Pictures with short captions:
----------

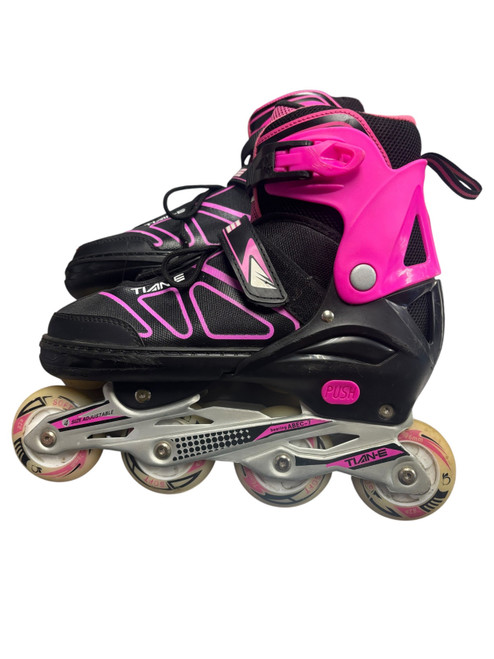 Vist Large View of Product Image Which is Used TIAN-E ROLLER BLADES Senior Rec Fitness Skates Pink Adjustable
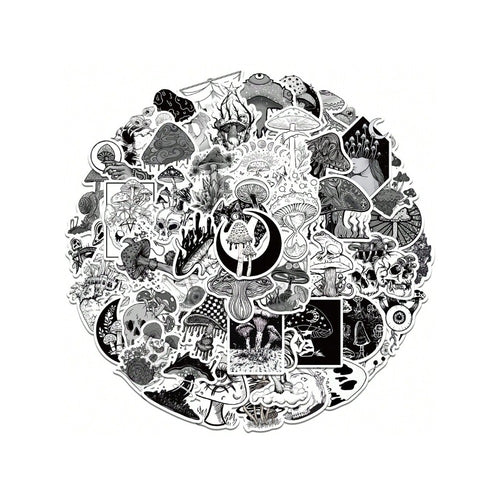 50PCS Gothic Horror Mushroom Series Graffiti Stickers Exquisite Fashion Punk Black & White Skull DIY Journal Decor Decals Suitable for Refrigerators, Helmets, Skateboards, Water Bottles, Stationery Boxes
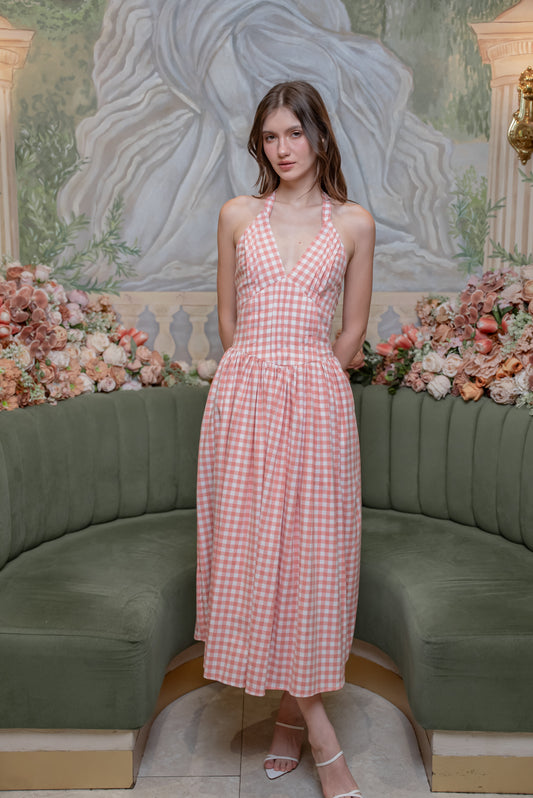 SOLENE Halter Pleated Midi Dress (Gingham Pink Cotton)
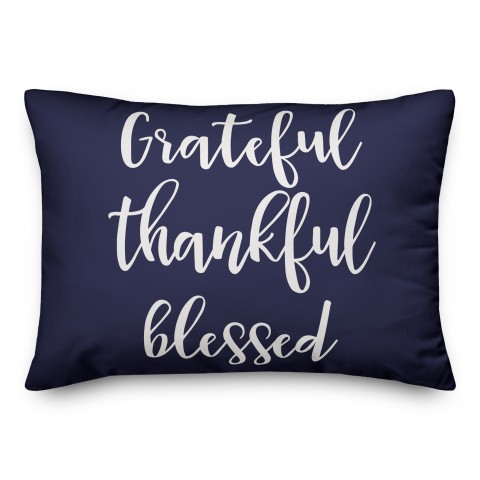 Grateful Thankful Blessed in Navy 14x20 Spun Poly Pillow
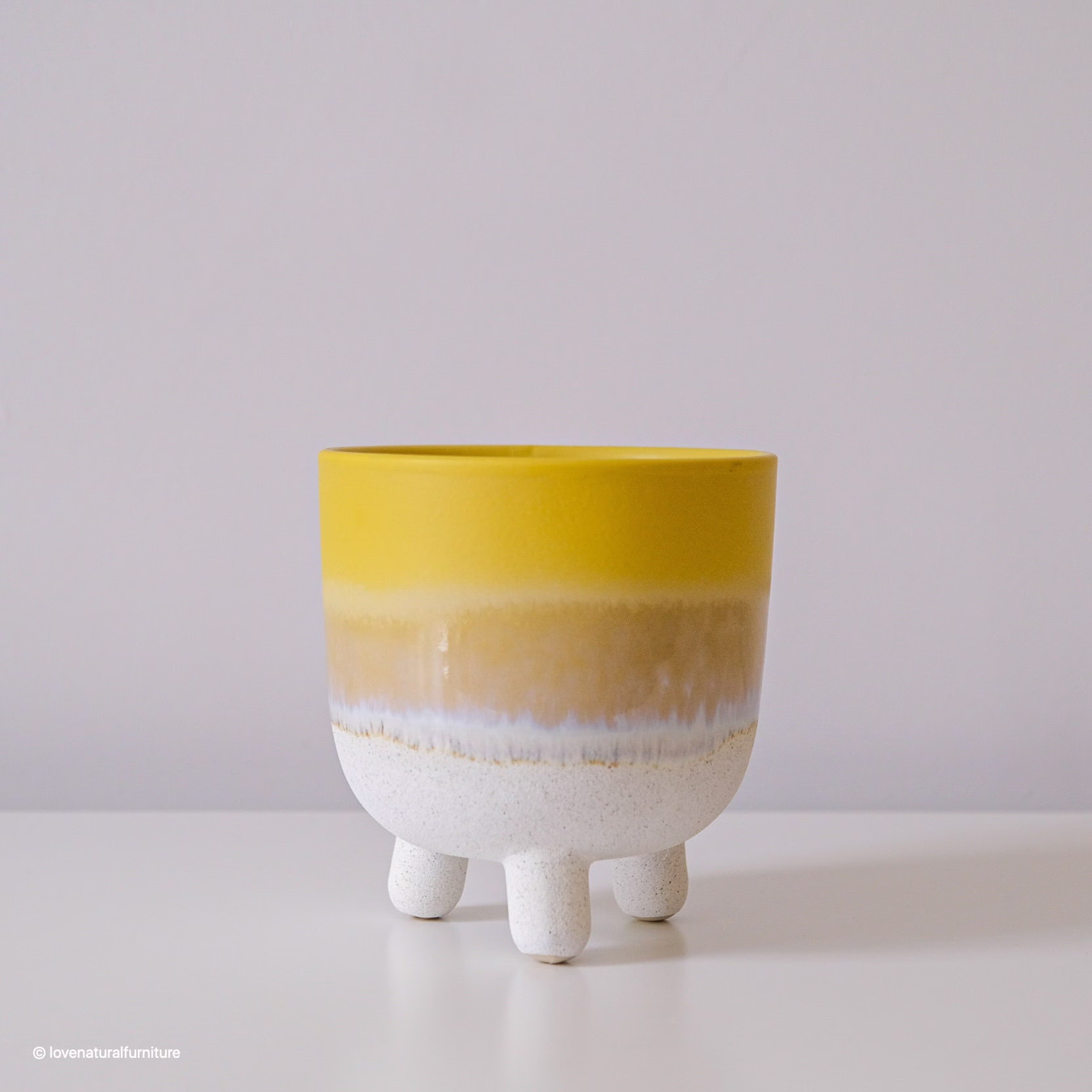 Large Yellow Reactive Glaze Indoor Planter | Rustic Pottery Ombre Plant Pot Glazed Stone Ceramic Standing Sideboard Table Decor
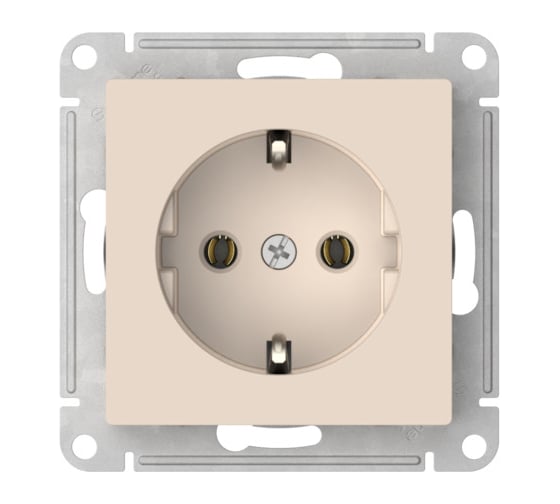 Розетка Systeme Electric ATLASDESIGN с заземлением, 16А, мех., быстрозажим. клем., БЕЖЕВЫЙ ATN000243S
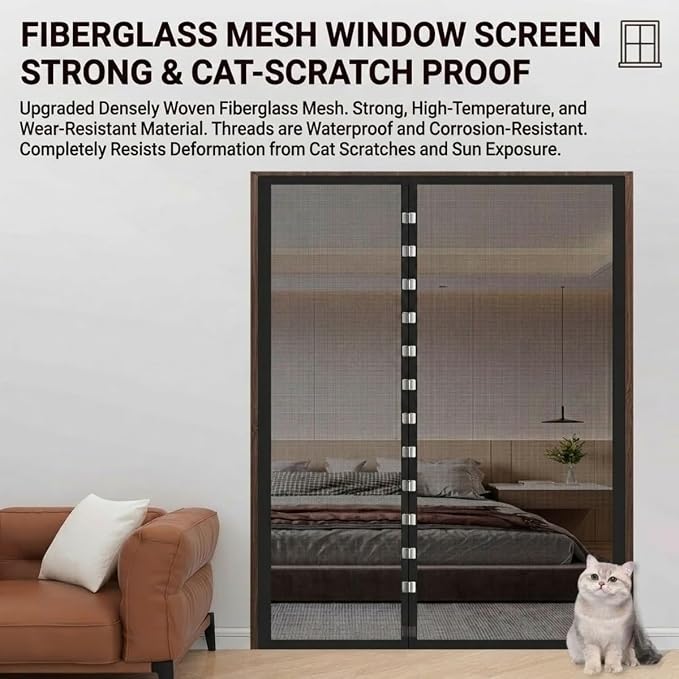 Magnetic Fiberglass Mesh Window Screen Washable, Hook and Loop Window Screen Magnetic Closure for Bedroom Kitchen Temporary, Keep Bugs Out Pet Protection Self-Adhesive Screen(White,31x57in)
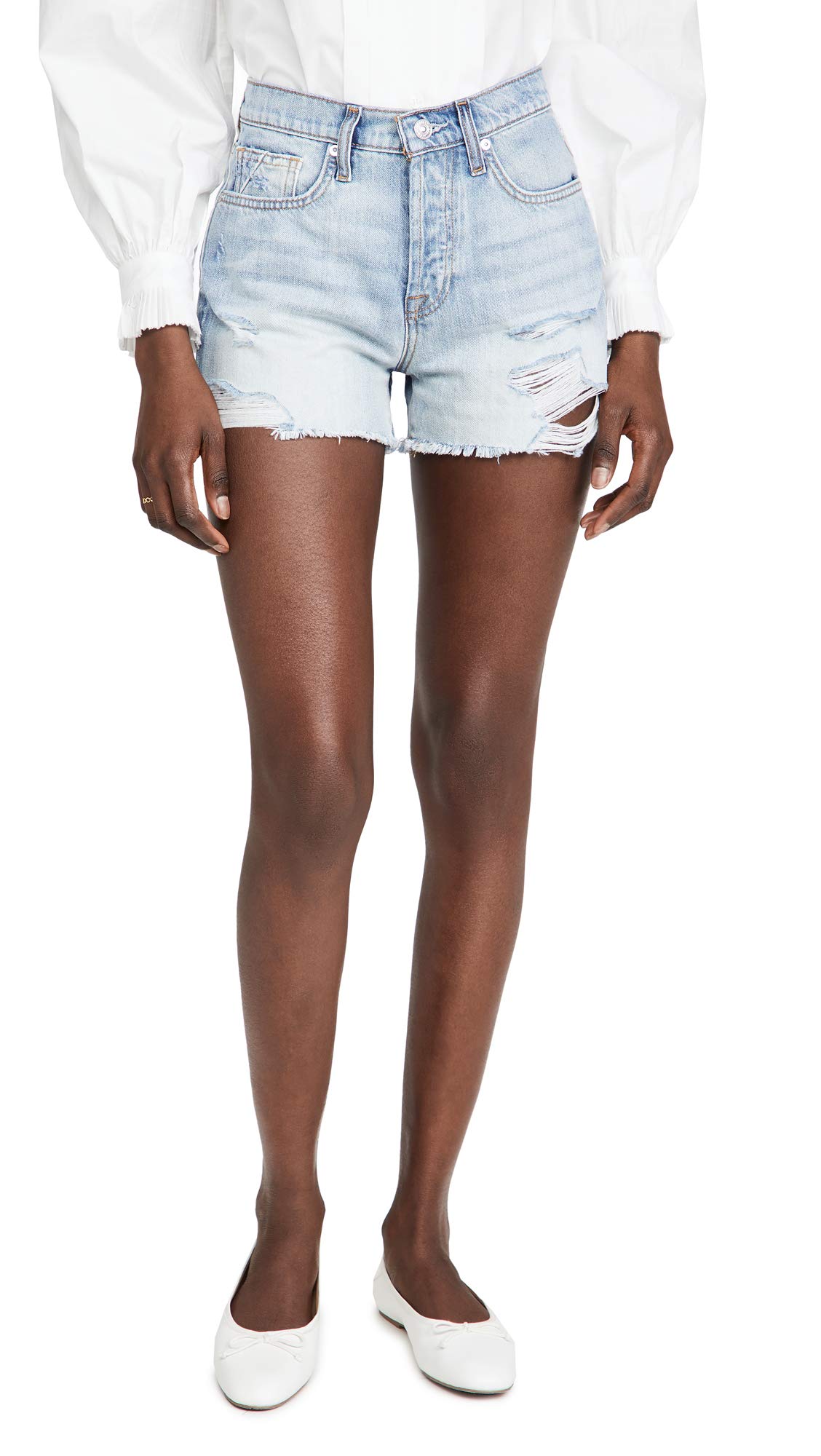 7 For All Mankind Women's Monroe Cutoffs Denim Shorts - Cosmic Blue Rigid Wash | High Waisted Distressed Denim Shorts for Summer, Beach & Casual Outfits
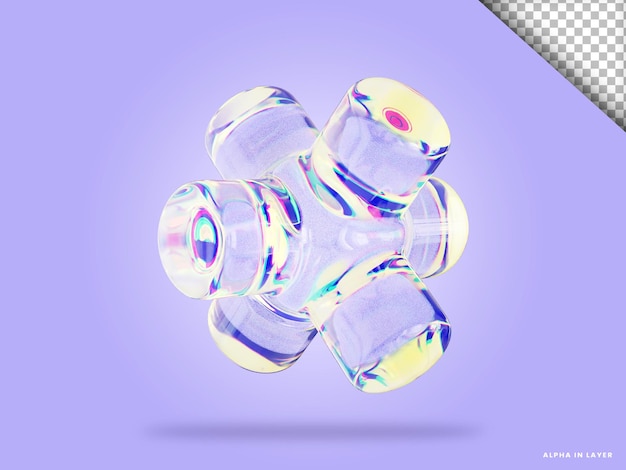 Dispersion glass abstract shape 3d illustration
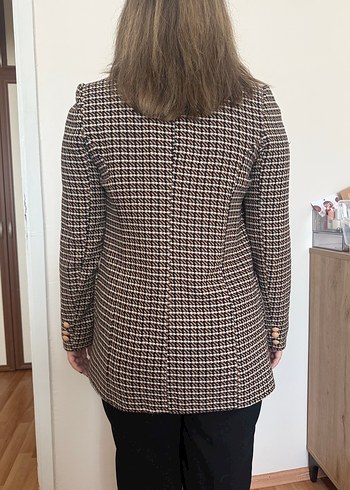Düğmeli Kahverengi Ekose Kadın Blazer - Görsel 4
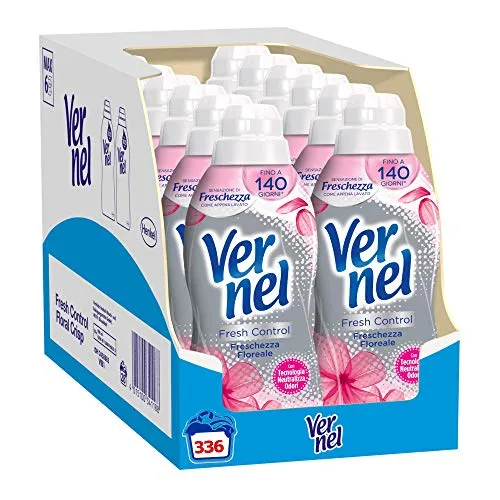 Vernel Fresh Control Ammorbidente Lavatrice profumato Neutralizza Odori, Freschezza Floreale, 12 x 28 Lavaggi, totale 336 lavaggi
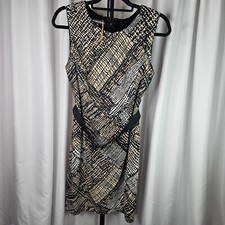 Jones Wear Women’s Sleeveless Belted  Dress Stretch Geometric Black Sz: 10 NWOT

----------

Exercise:
Return the lines exactly as they stand, from the start of the entries through the line holding "Magnetic Fiberglass Mesh"; omit the pictures.

Task solution:
 Vist Large View of Product Image Which is Used TIAN-E ROLLER BLADES Senior Rec Fitness Skates Pink Adjustable
 50PCS Gothic Horror Mushroom Series Graffiti Stickers Exquisite Fashion Punk Black & White Skull DIY Journal Decor Decals Suitable for Refrigerators, Helmets, Skateboards, Water Bottles, Stationery Boxes
 SOLENE Halter Pleated Midi Dress (Gingham Pink Cotton)
 Grateful Thankful Blessed in Navy 14x20 Spun Poly Pillow
 Large Yellow Reactive Glaze Indoor Planter | Rustic Pottery Ombre Plant Pot Glazed Stone Ceramic Standing Sideboard Table Decor
 Розетка Systeme Electric ATLASDESIGN с заземлением, 16А, мех., быстрозажим. клем., БЕЖЕВЫЙ ATN000243S
 Magnetic Fiberglass Mesh Window Screen Washable, Hook and Loop Window Screen Magnetic Closure for Bedroom Kitchen Temporary, Keep Bugs Out Pet Protection Self-Adhesive Screen(White,31x57in)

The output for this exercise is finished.